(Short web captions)
^^^^^^^^^^^^^^^^
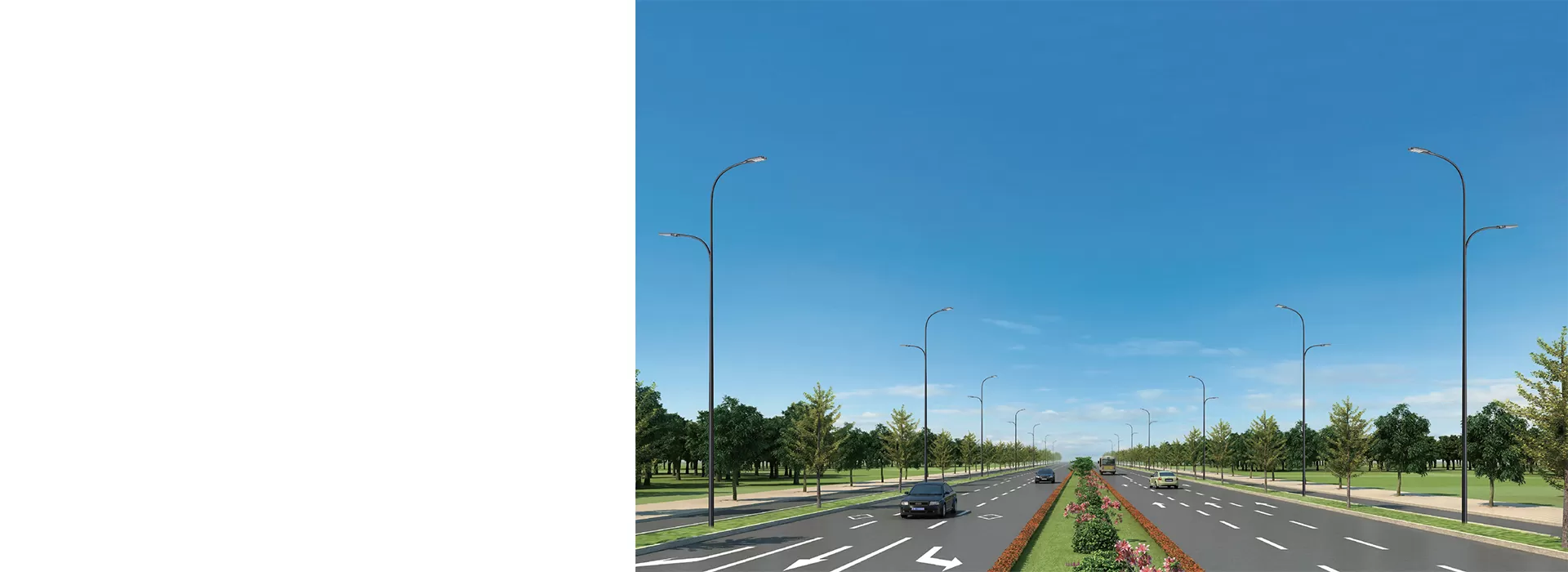 โคมไฟถนน LED AC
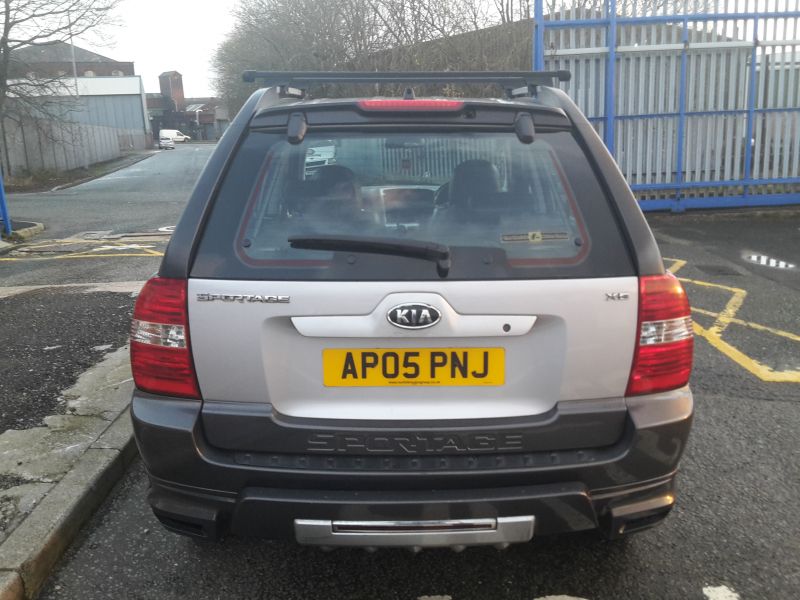 2005 Kia Sportage 2.0CRDi XE image 3
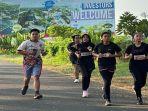 Rute Ajang Lari 5K dan 10K Rhino Eco Run 2024, Start di Tanjung Lesung Finis di Pantai Bodur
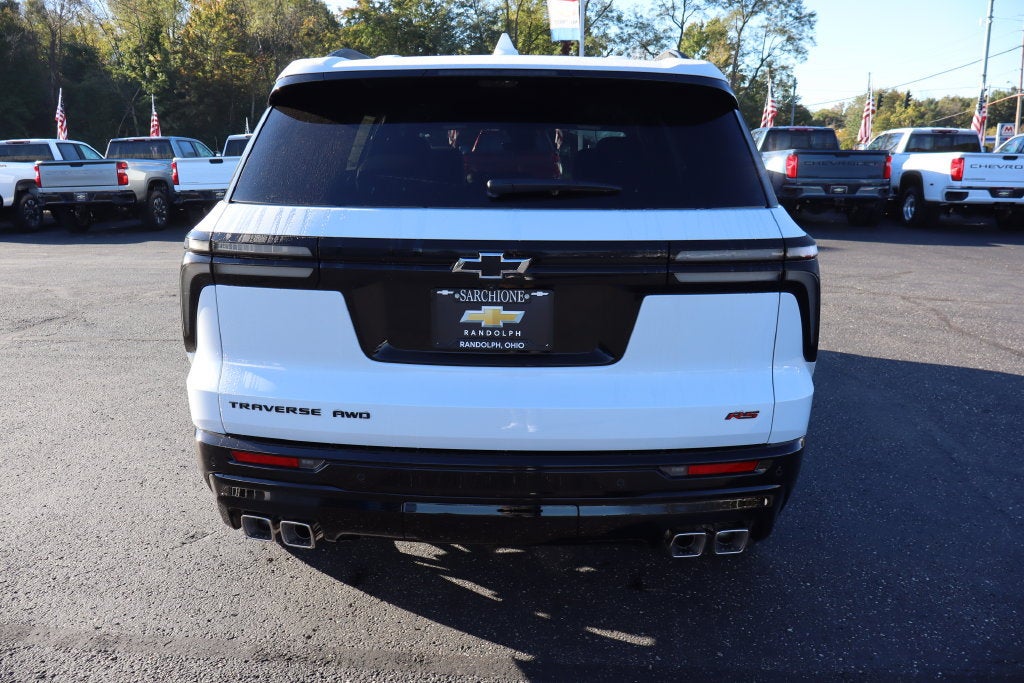 2027 Chevrolet Traverse RS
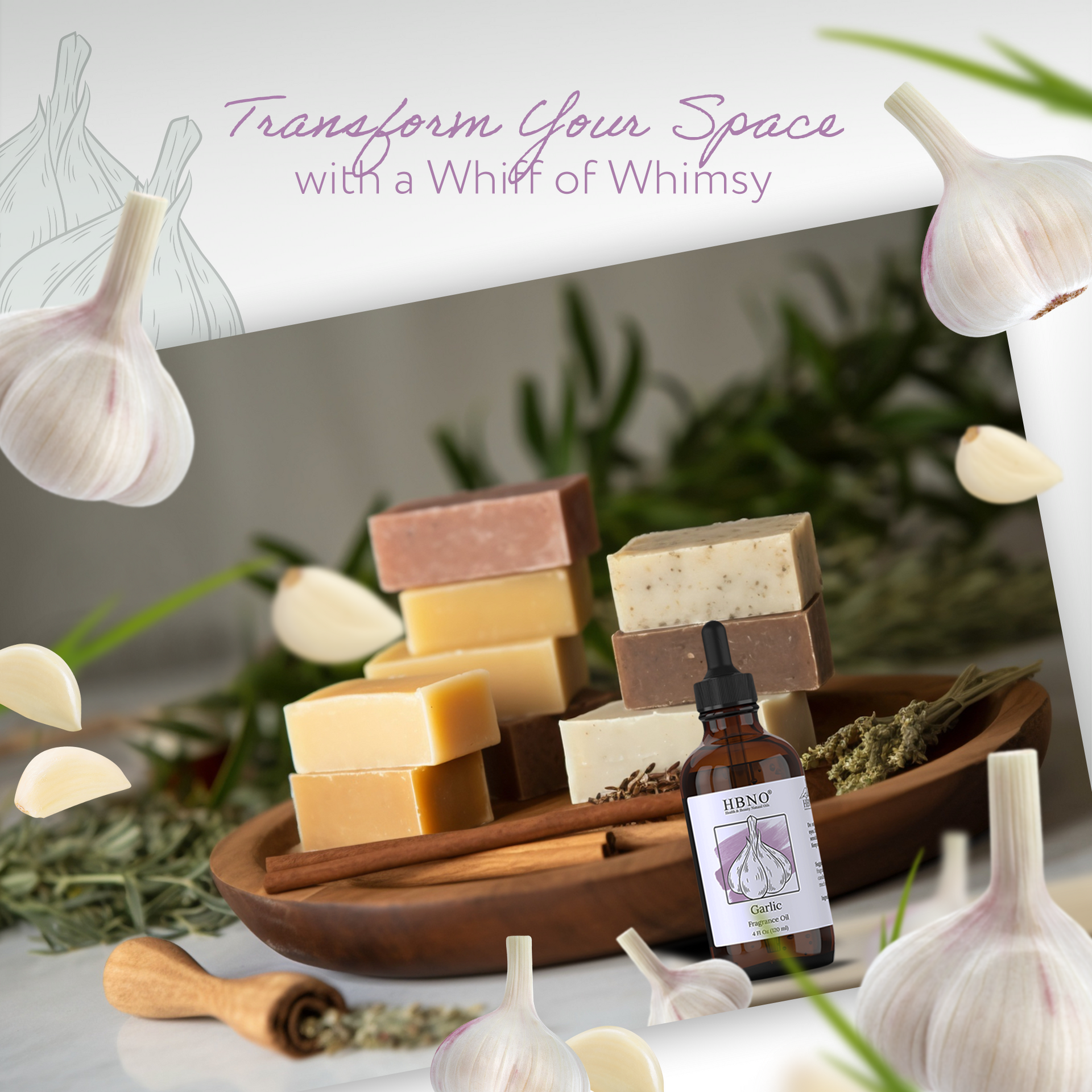 Garlic Fragrance Garlic Fragrance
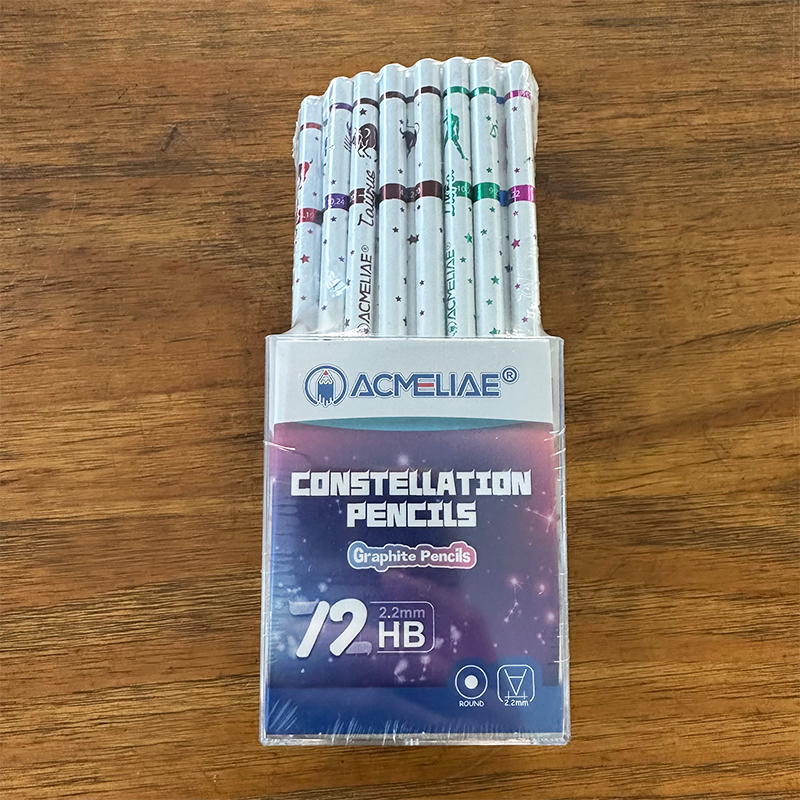 ACMELIAE 7'' 36 color constellation pencil details Picture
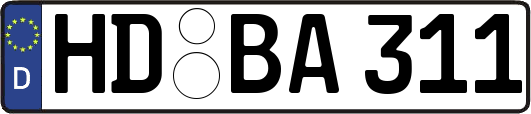 HD-BA311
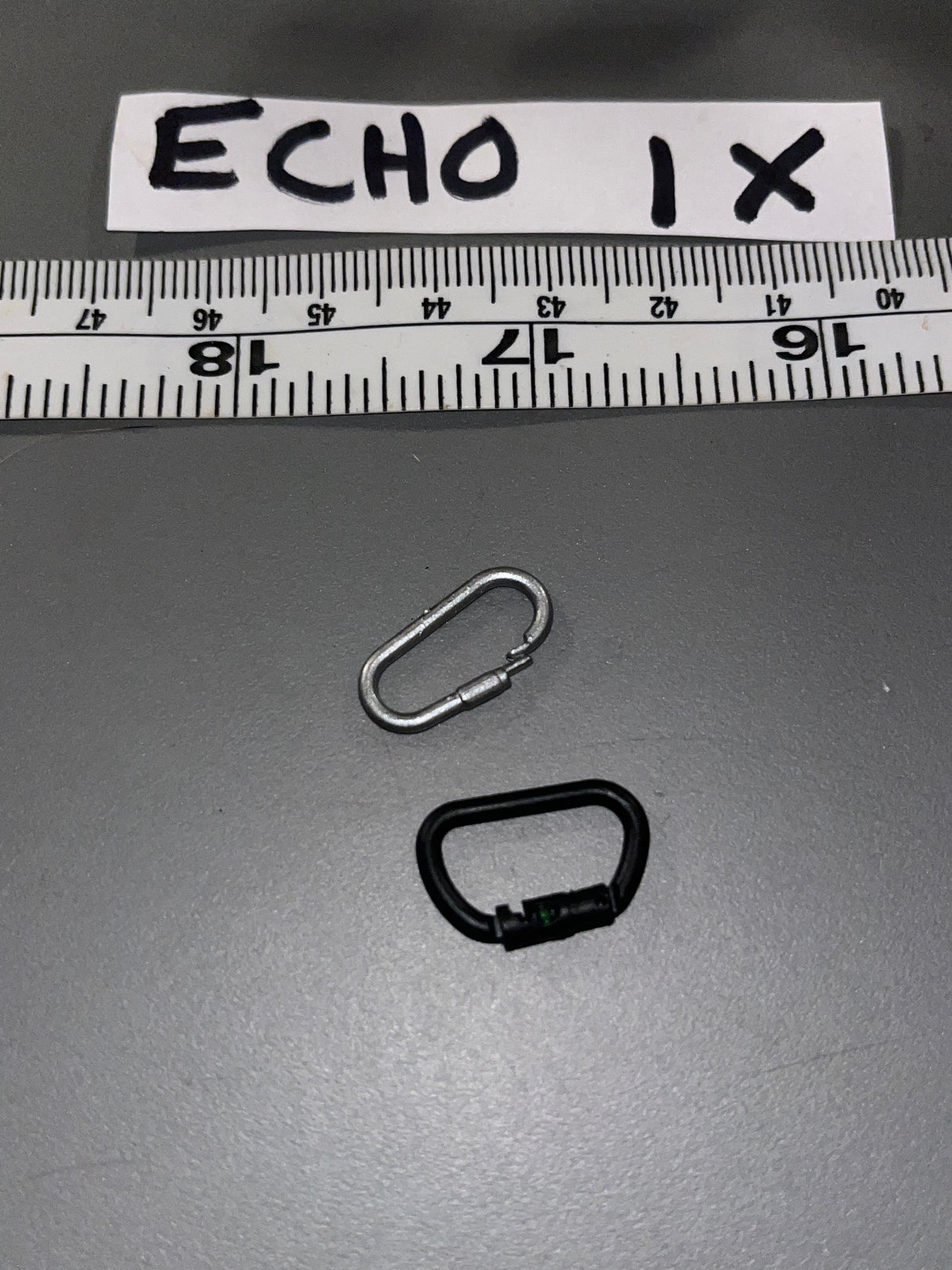 1/6 Scale Modern Era Carabiner Lot 104291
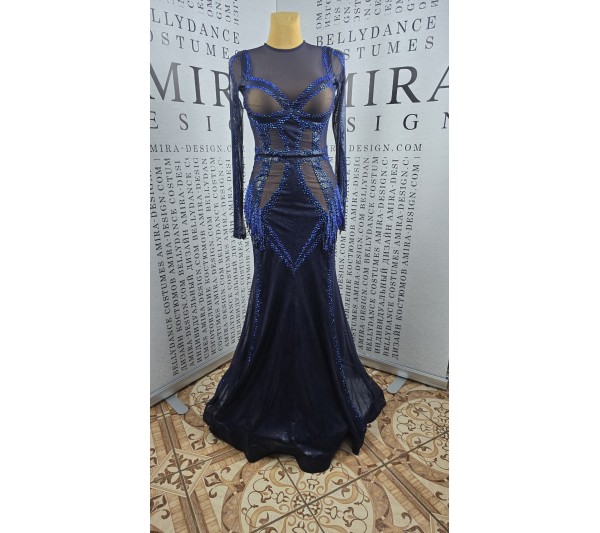 Professional bellydance costume (Classic 445A_1а-available   )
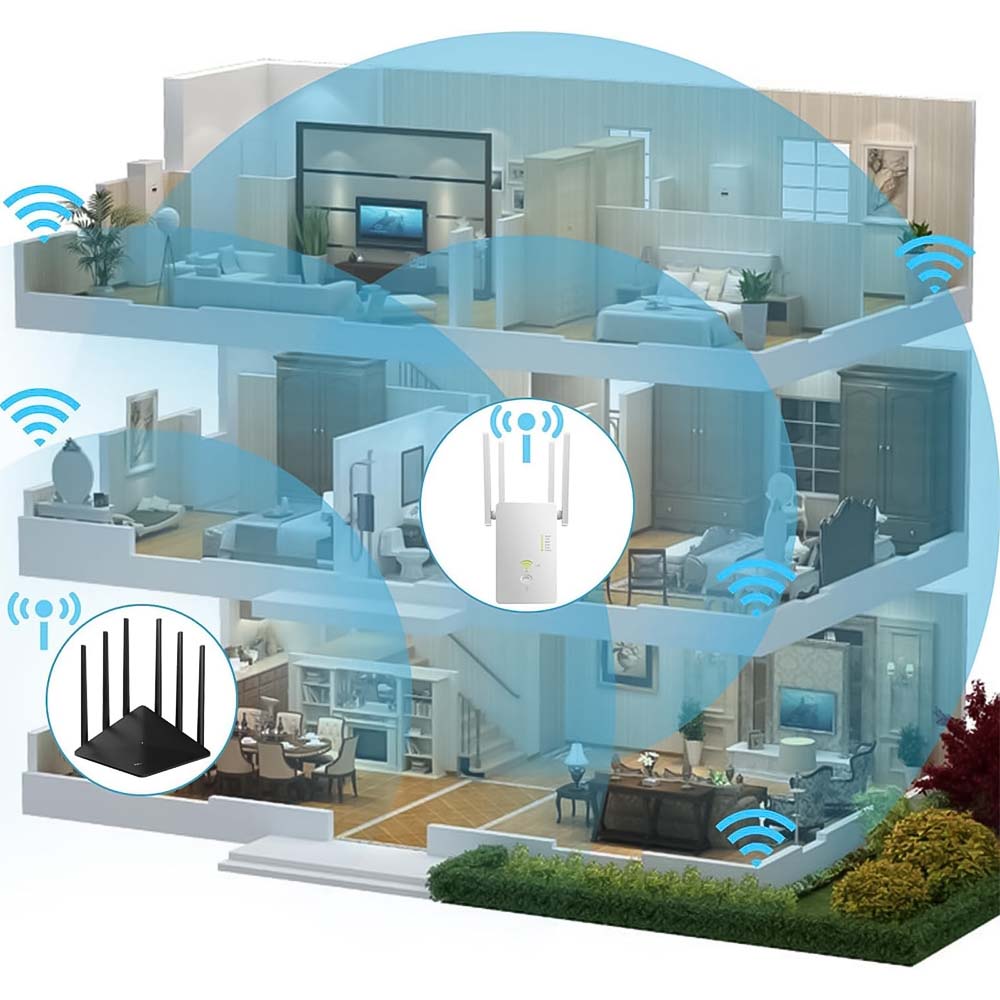 Anten wifi giúp mở rộng phạm vi kết nối wifi tại nhà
^^^^^^^^^^^^^^^^
▸ **EXERCISE DIRECTIONS**
Would you print, exactly as they appear, the lines from the line with "Garlic Fragrance Garlic Fragrance" through the end of the entries above, leaving out the pictures?

▸ **COMPLETED TASK**
 Garlic Fragrance Garlic Fragrance
 ACMELIAE 7'' 36 color constellation pencil details Picture
 HD-BA311
 1/6 Scale Modern Era Carabiner Lot 104291
 Professional bellydance costume (Classic 445A_1а-available   )
 Anten wifi giúp mở rộng phạm vi kết nối wifi tại nhà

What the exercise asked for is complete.